Now, of course, most Englishmen [sic] do not take a creed in this clear-cut way; and even when they swallowed the Smith philosophy pretty completely for generations, it was mixed up with other things. But when all such allowance is made, what an extraordinary creed it was to swallow! What a weird cosmos it was to inhabit; in which everything was good because everybody was bad. A world in which the financial speculator grew thistles to attract donkeys; and the thistles grew figs to be the food of all the good and wise; in which your neighbour gathered grapes of the thorns you had planted in order to scratch him. The whole thing was much more rationally stated than are most modern expositions; it was also rank raving nonsense, as anyone would have seen in an age of creeds and common sense. Sanity sees at a glance that society finds it hard enough to hang together, with everybody taught to be unselfish; and that it would simply smash if everybody were taught to be selfish. Incidentally, I may add, it has already smashed. We have seen with our own eyes the Wealth of Nations wither into the Poverty of Nations.”
Comment
The kindest thing I can say about Richard Aleman’s words above is that they are eccentric, even remarkably so.
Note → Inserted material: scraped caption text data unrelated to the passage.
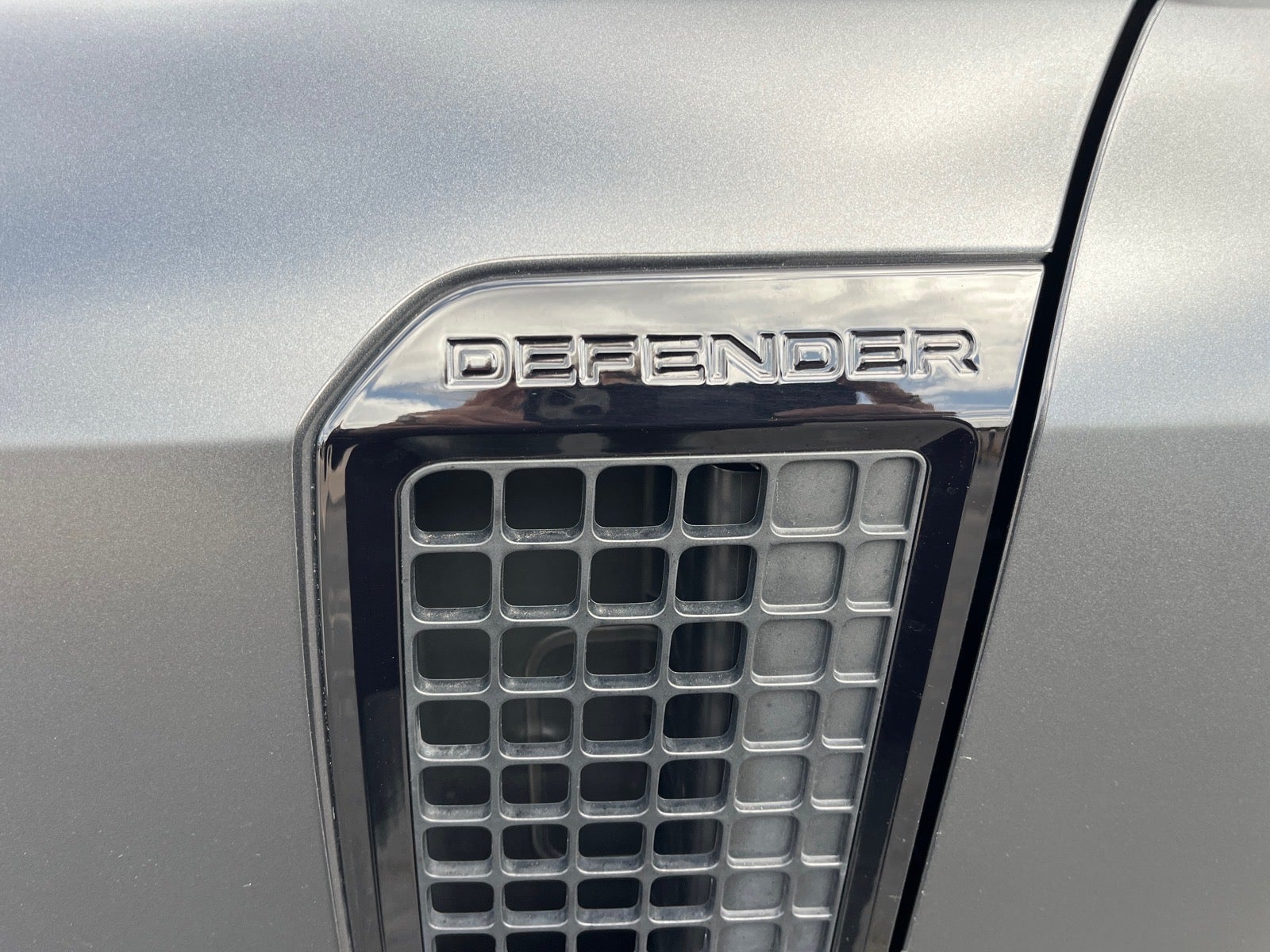 2023 Land Rover Defender X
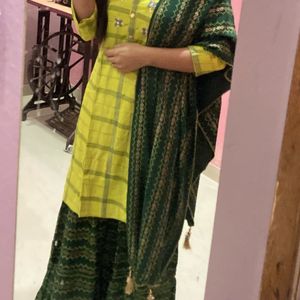 kurta-sharara-dupata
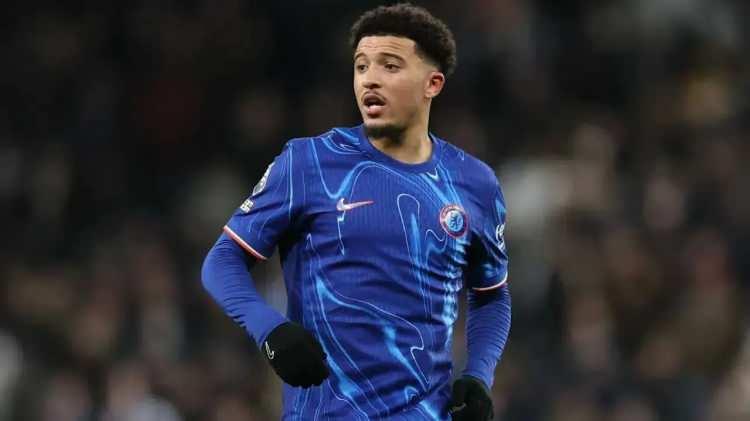 <p>Geçtiğimiz sezonu Chelsea'de kiralık olarak geçiren İngiliz futbolcu, tüm kulvarlarda çıktığı 42 maçta 5 gol 10 asistlik skor katkısı verdi.<br />
<br />
(AKŞAM)</p>
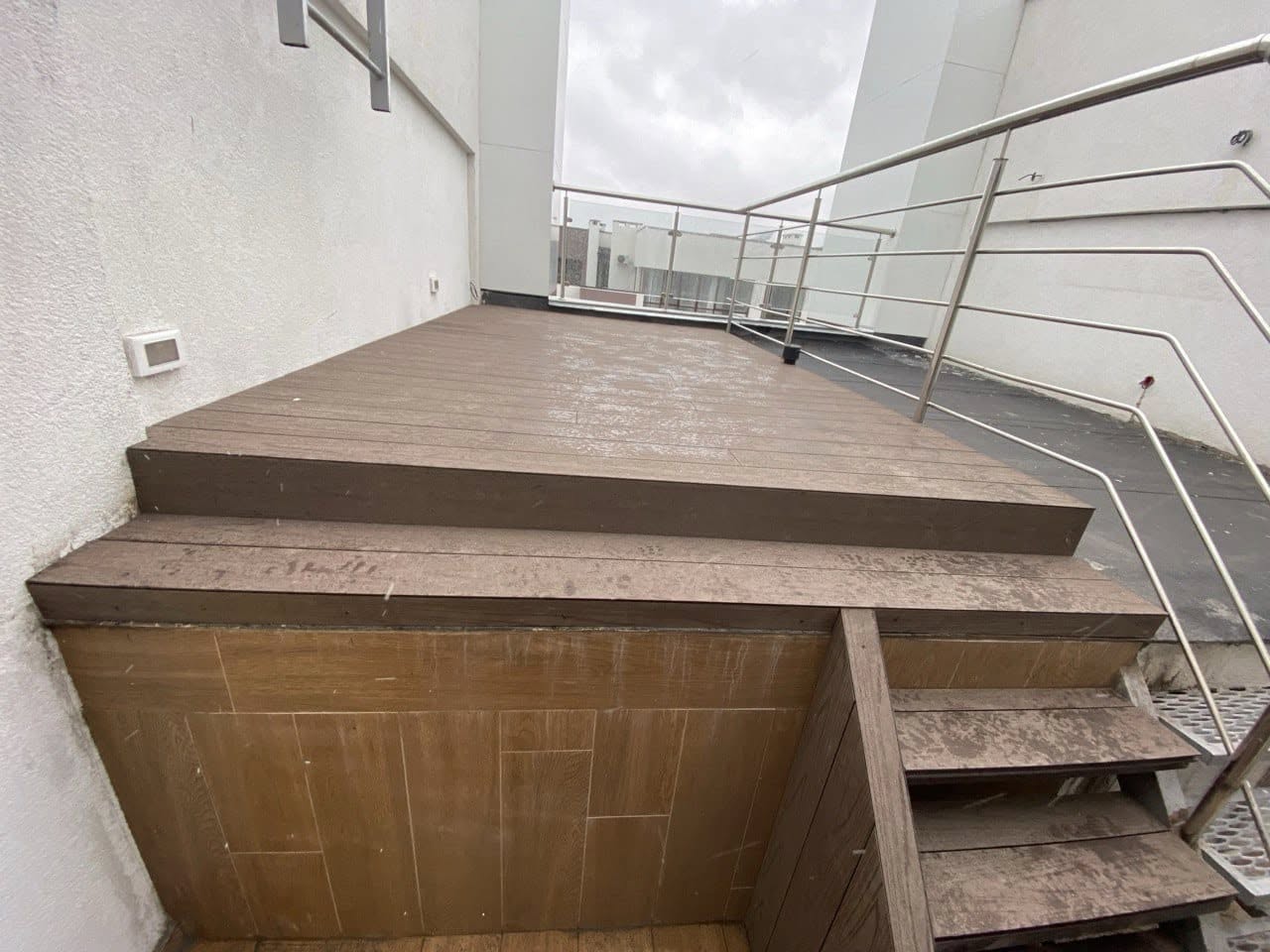 Lucrare decking și siding WPC realizată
The sentence: “if men were sufficiently greedy for the goods. If everybody worked meanly and sordidly for money, the result would be a prosperity that would prove the benevolence of Providence”, to say the least, is twaddle. Whoever actually said it, it was not Adam Smith. At best it is an invented script made up for some unknown purpose. It was, in fact, almost the exact opposite of Smith’s oeuvre, as found in Moral Sentiments and Wealth Of Nations (plus, of course, his Lectures On Jurisprudence.
I have no idea what ‘distributist’ stands for, though I once exchanged correspondence some years ago with a very personable someone whom I had met at a history of economics conference in Virginia, who revealed, eventually, that he was a 'distributist'. The correspondence petered out to my relief, as I could not understand of what he talked about. Against obscurantism, even the most tolerant patience eventually expires.
Labels: Distributist
2 Comments:
I posted a comment on that topic, but I guess they moderated it into oblivion. They made Adam Smith seem like Gordon Gecko.
Zeke
I am not surprised that your comment did not appear on the Distributist Blog. They seem to be arrogant in their certainties - as do most zealots.. But they might relent yet.
They confuse Adam Smith with Bernard Mandeville, author of the "Fable of the Bees, or Private Vices, Public Benefits", 2 vols. 1724, ed. F. B. Kaye, 1924, Oxford University Press.
Smith described Mandeville's work as "licentious", in Moral Sentiments (1759). Surely a sufficient answer to the twaddle from the Distributist?